Action item:
Print again, word for word, all of the records below, and leave the pictures out.

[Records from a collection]
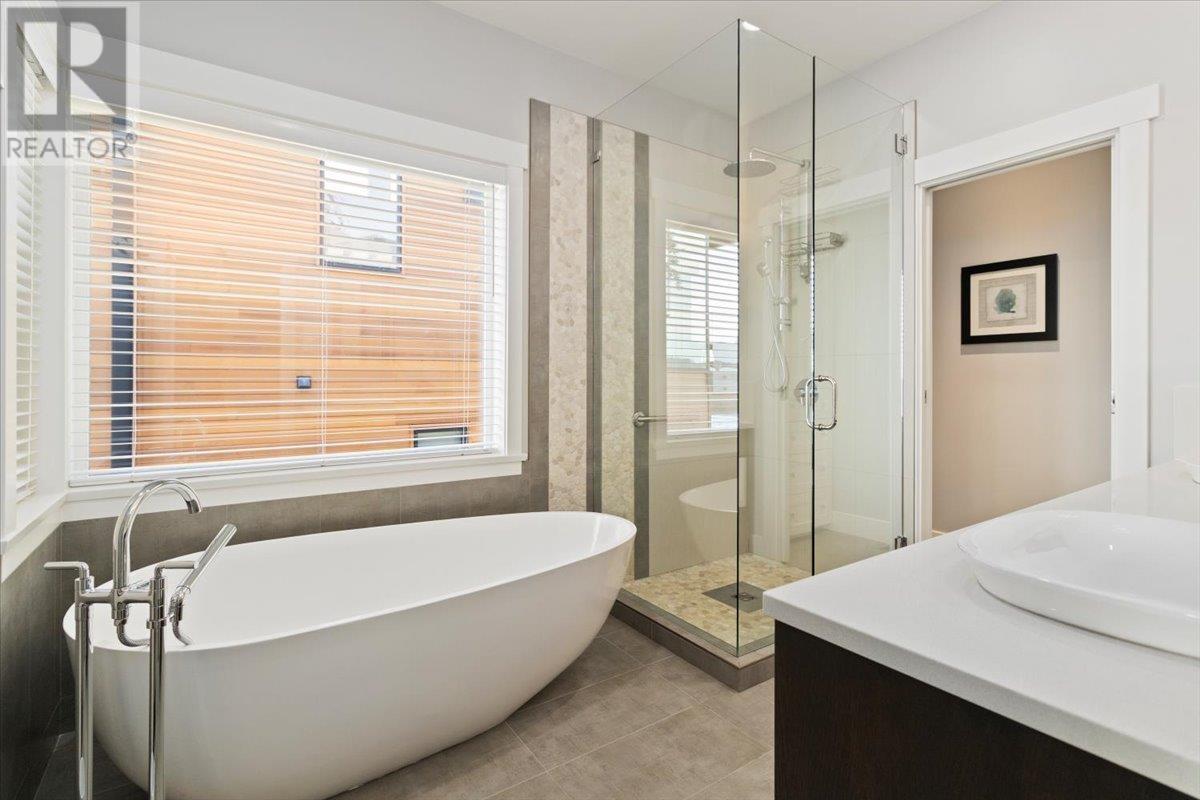 6015 Silverstone Lane, Sechelt, British Columbia  V7Z 0T8 - Photo 21 - R3004234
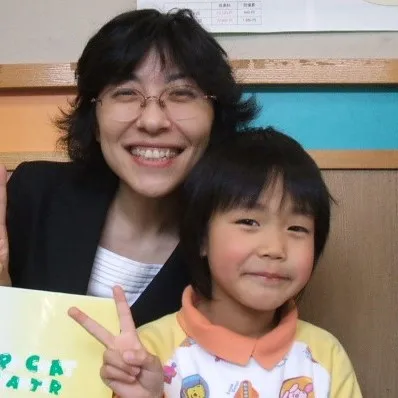 広島の子ども英語はアミティーへ!2歳で始めた子の14年後の姿って?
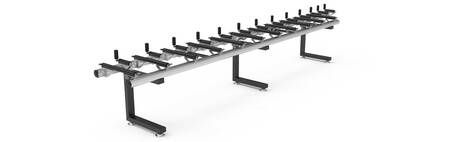 Porte-vélos en métal noir avec plusieurs fentes et supports inclinés sur fond blanc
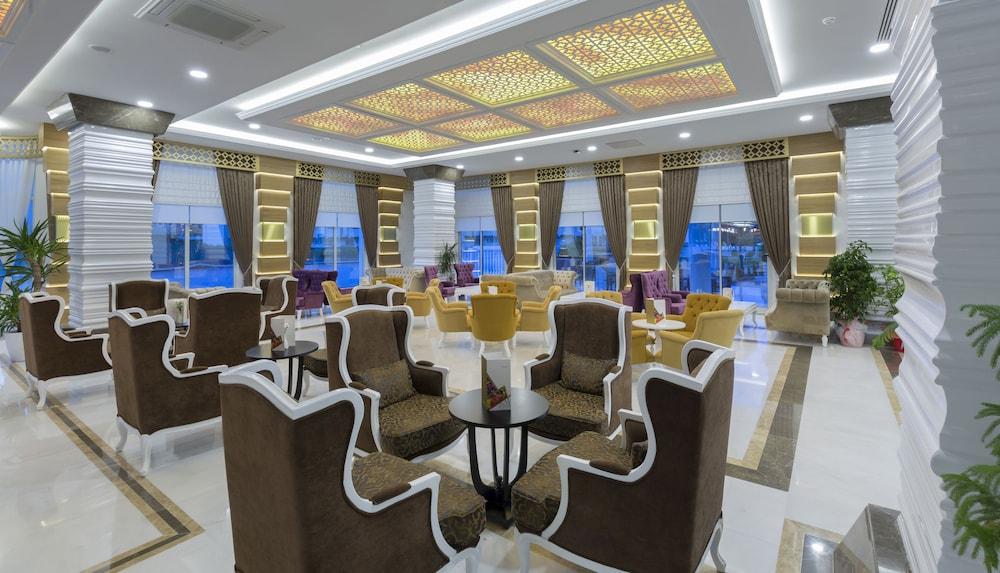 Resort Royal Palace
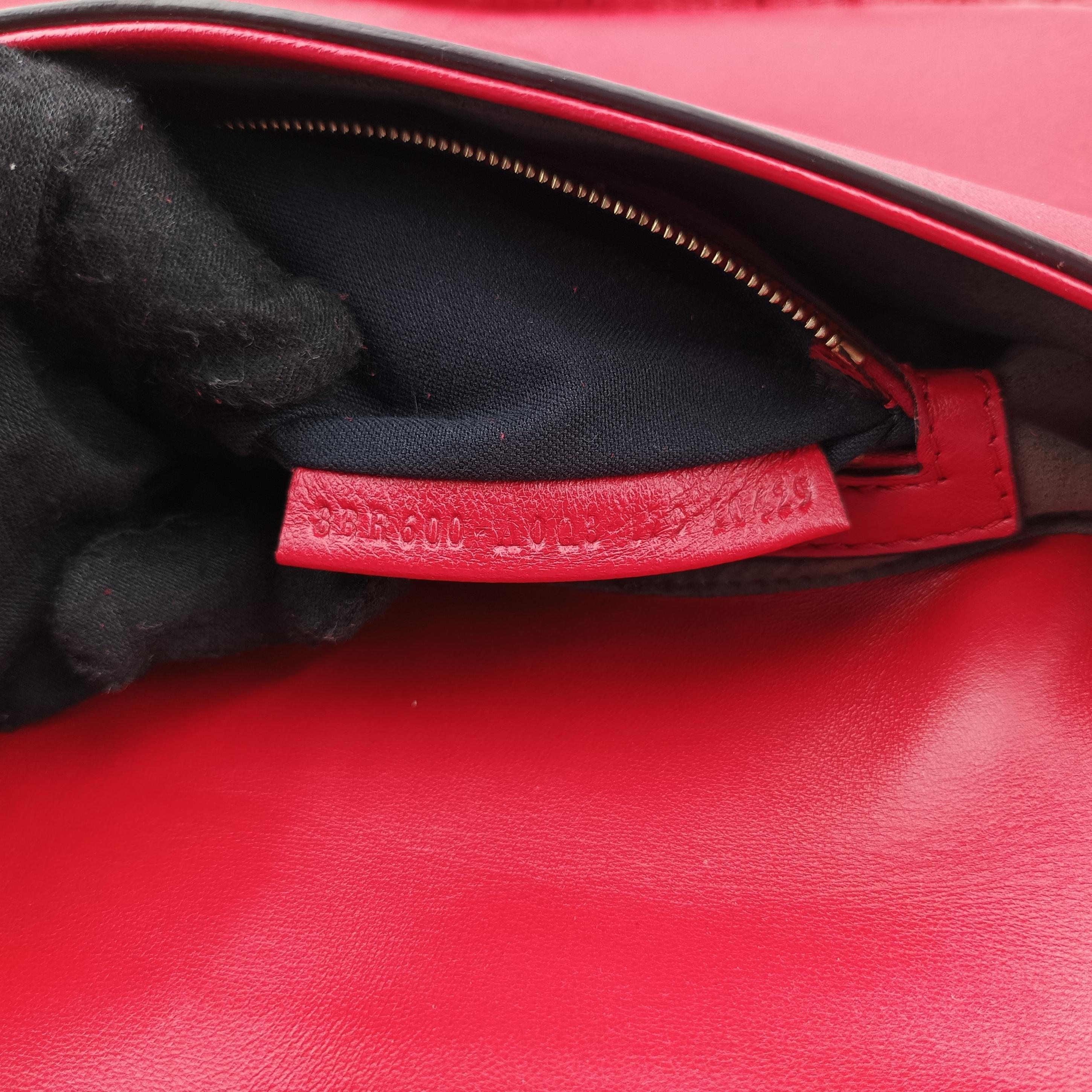 Secondhand Fendi BAGUETTE Red Leather 8BR600 shoulderbag | stylenewstar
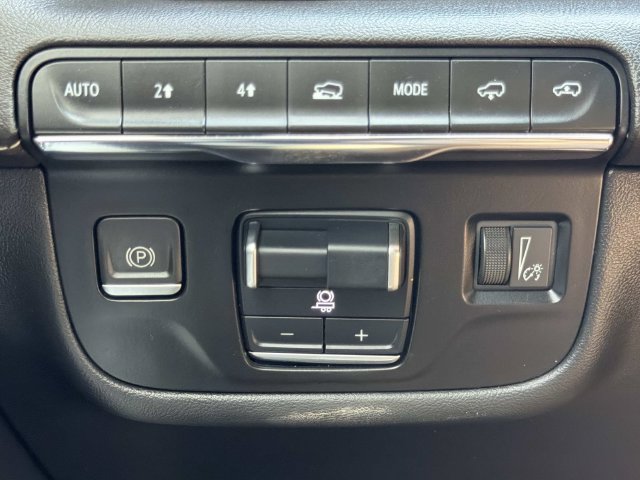 Used 2022 Cadillac Escalade Sport w/ Touring Package AWD/4WD image 29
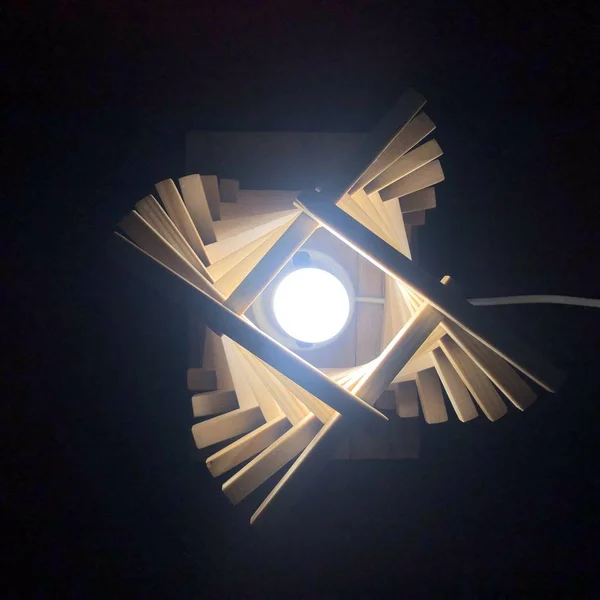 Noite divertida lâmpada de luz com blocos de madeira — Fotografia de Stock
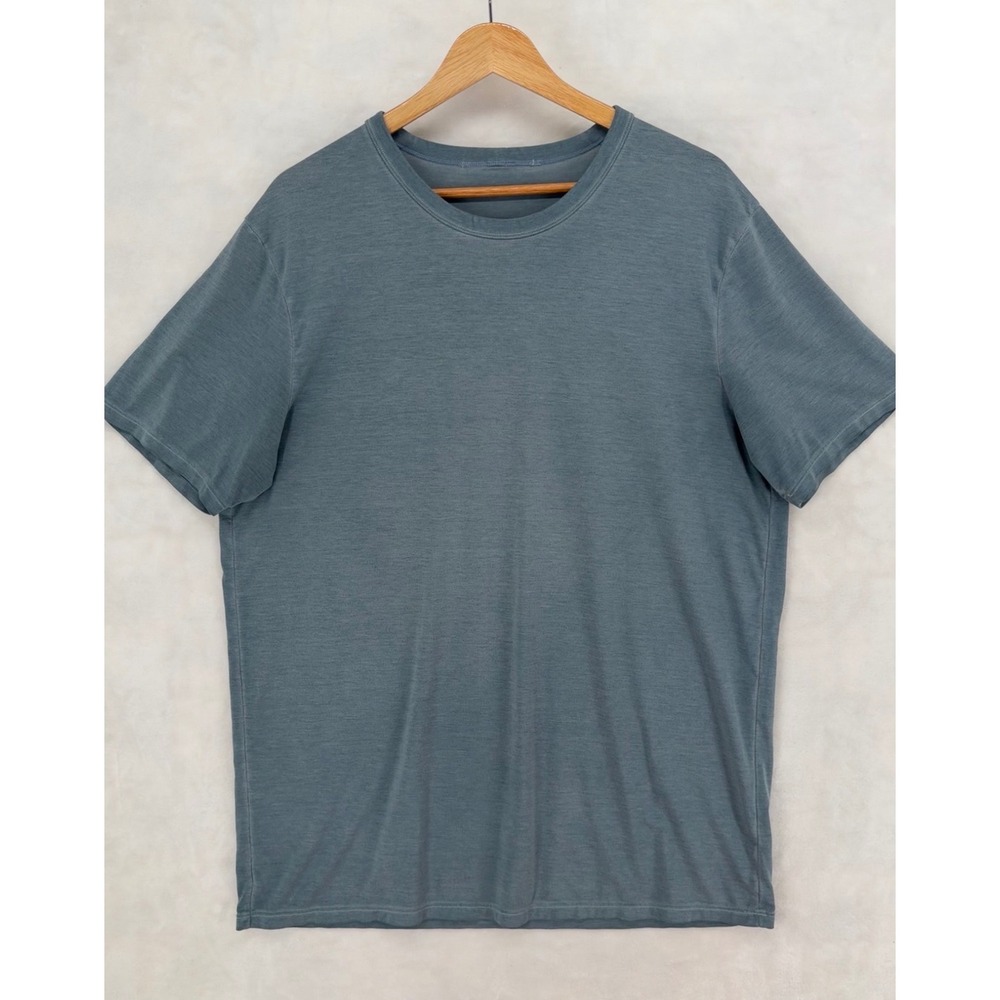 Lululemon Mens Fundamental T-Shirt L Blue Gray Short Sleeve Crewneck Tee XL
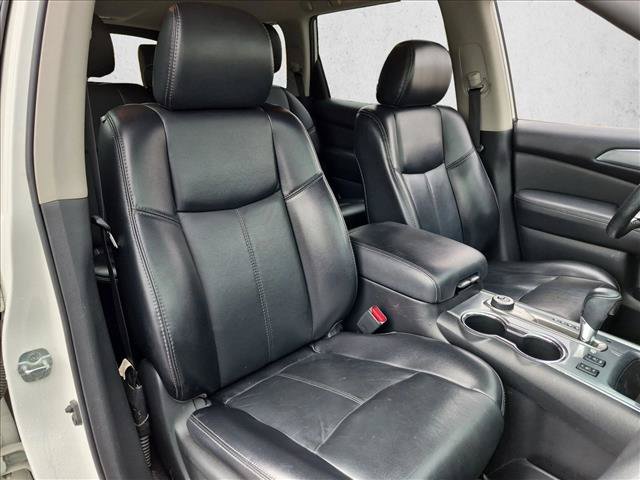 Used 2018 Nissan Pathfinder SL AWD/4WD image 22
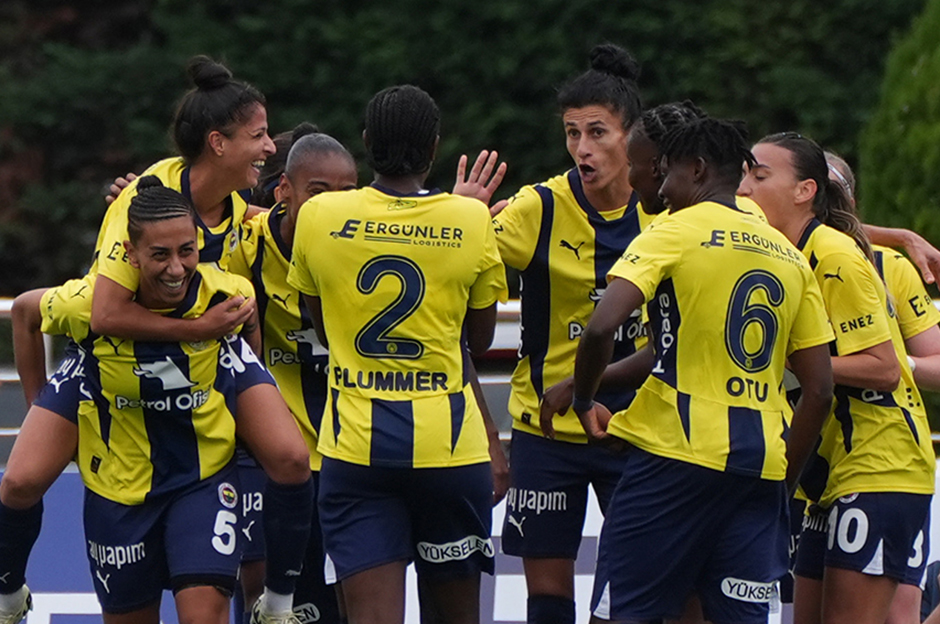 Derbide 3 puan Fenerbahçe'nin: Ligde 6'da 6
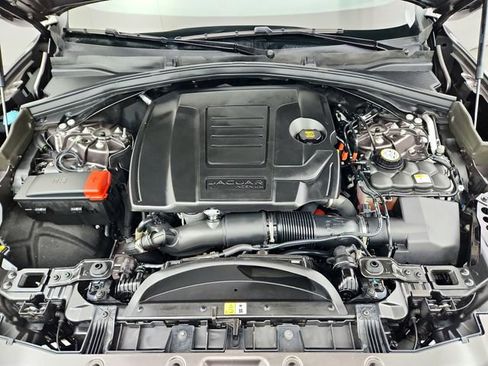 Certified 2023 Jaguar F-PACE S image 29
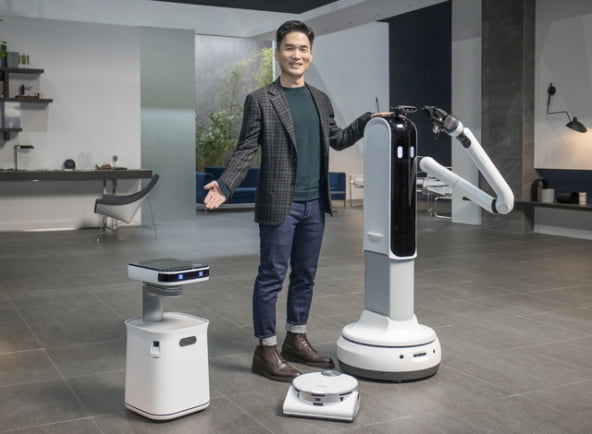 승현준 삼성전자 사장이 CES 2021 삼성 프레스컨퍼런스에서 '삼성봇 케어', '제트봇 AI', '삼성봇 핸디'를 소개하고 있다. [사진=삼성전자 제공]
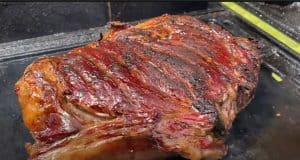 reverse searing a smoked tomahawk steak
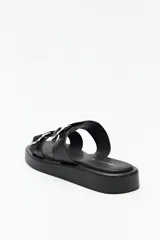 Sandalia tipo slide de plataforma, color marrón, con dos tiras anchas ajustables con hebillas metálicas doradas.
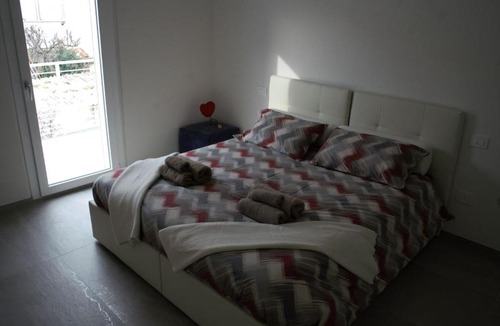 Pesaro Apartment | Claire Sweet Home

Exercise solution:
 6015 Silverstone Lane, Sechelt, British Columbia  V7Z 0T8 - Photo 21 - R3004234
 広島の子ども英語はアミティーへ!2歳で始めた子の14年後の姿って?
 Porte-vélos en métal noir avec plusieurs fentes et supports inclinés sur fond blanc
 Resort Royal Palace
 Secondhand Fendi BAGUETTE Red Leather 8BR600 shoulderbag | stylenewstar
 Used 2022 Cadillac Escalade Sport w/ Touring Package AWD/4WD image 29
 Noite divertida lâmpada de luz com blocos de madeira — Fotografia de Stock
 Lululemon Mens Fundamental T-Shirt L Blue Gray Short Sleeve Crewneck Tee XL
 Used 2018 Nissan Pathfinder SL AWD/4WD image 22
 Derbide 3 puan Fenerbahçe'nin: Ligde 6'da 6
 Certified 2023 Jaguar F-PACE S image 29
 승현준 삼성전자 사장이 CES 2021 삼성 프레스컨퍼런스에서 '삼성봇 케어', '제트봇 AI', '삼성봇 핸디'를 소개하고 있다. [사진=삼성전자 제공]
 reverse searing a smoked tomahawk steak
 Sandalia tipo slide de plataforma, color marrón, con dos tiras anchas ajustables con hebillas metálicas doradas.
 Pesaro Apartment | Claire Sweet Home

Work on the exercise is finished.